Material to process:
----------

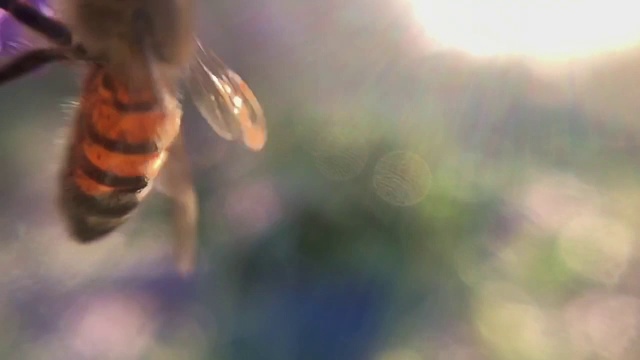 蜜蜂和花视频素材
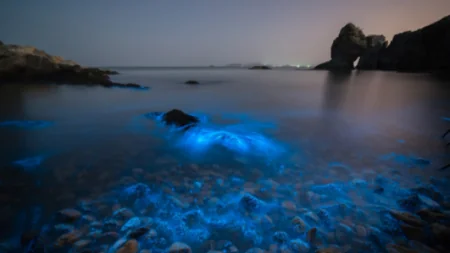 Çində dəniz mavi neon rənginə boyanıb - FOTO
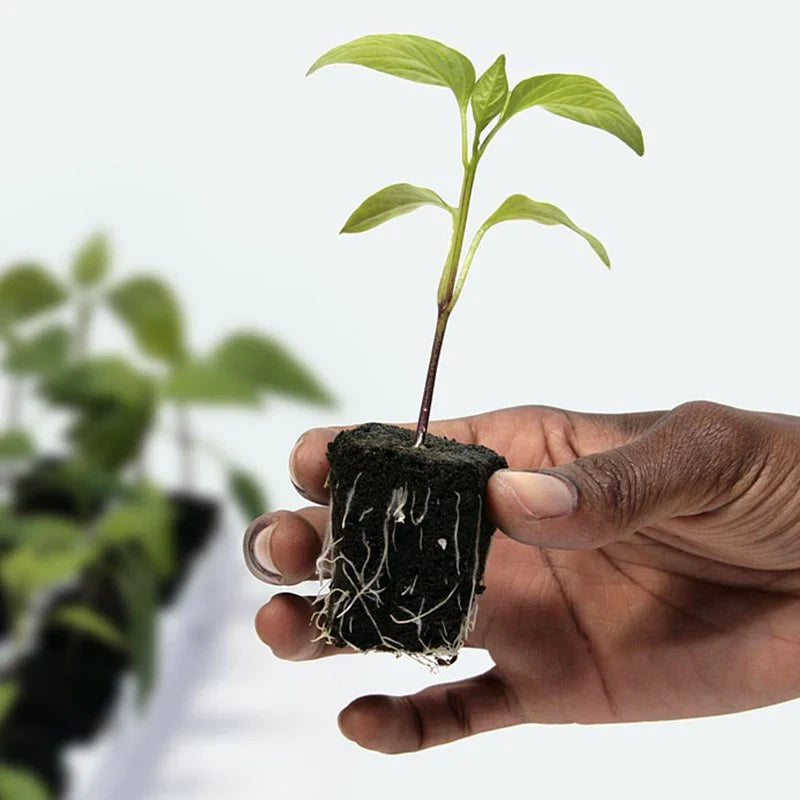 Growth Technology Root Riot – product view 6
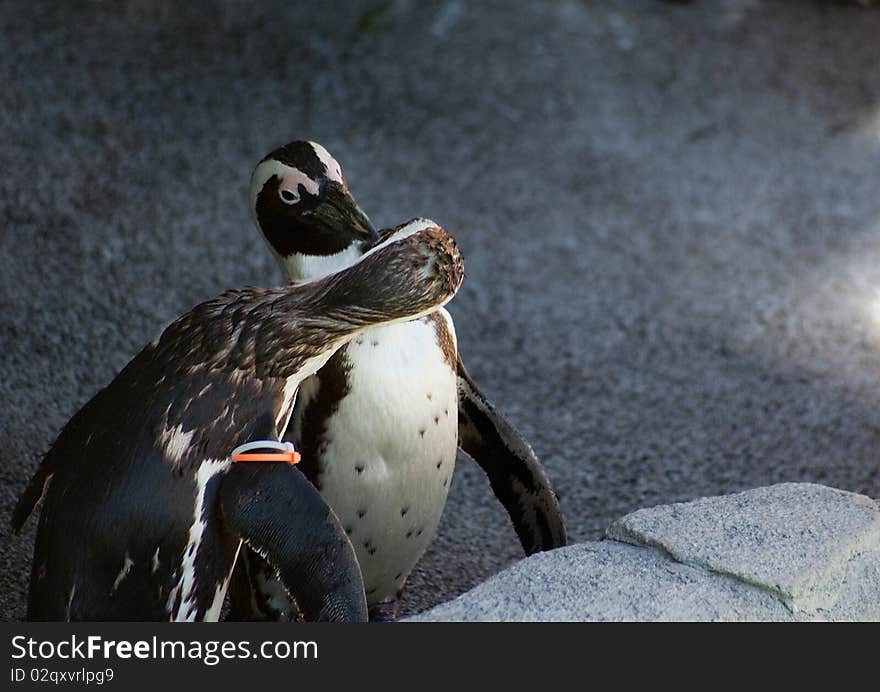 Kissing Penguins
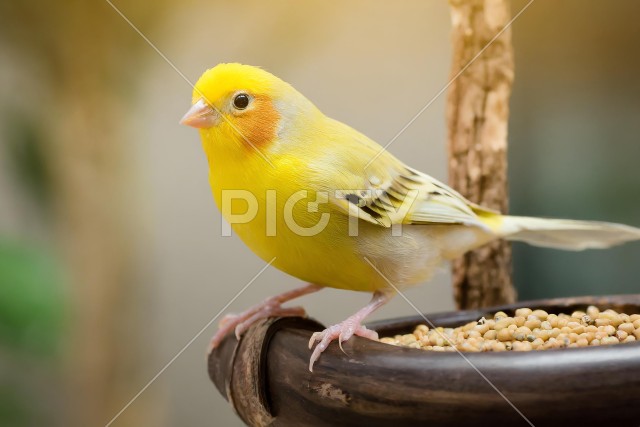 写真のタイトルが入ります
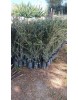 Arbequına (Bodur) Zeytin Fidanı 10 ADET 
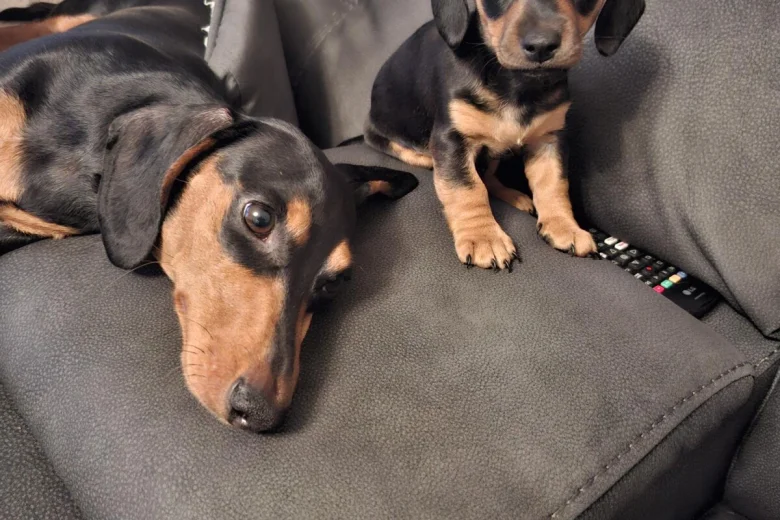 Dachshund (Smooth Haired)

----------

Aim of the task: Set down word for word every line from the one containing "写真のタイトルが入ります" through the last line of the records above, both ends included. Leave out the pictures.

Response:
 写真のタイトルが入ります
 Arbequına (Bodur) Zeytin Fidanı 10 ADET 
 Dachshund (Smooth Haired)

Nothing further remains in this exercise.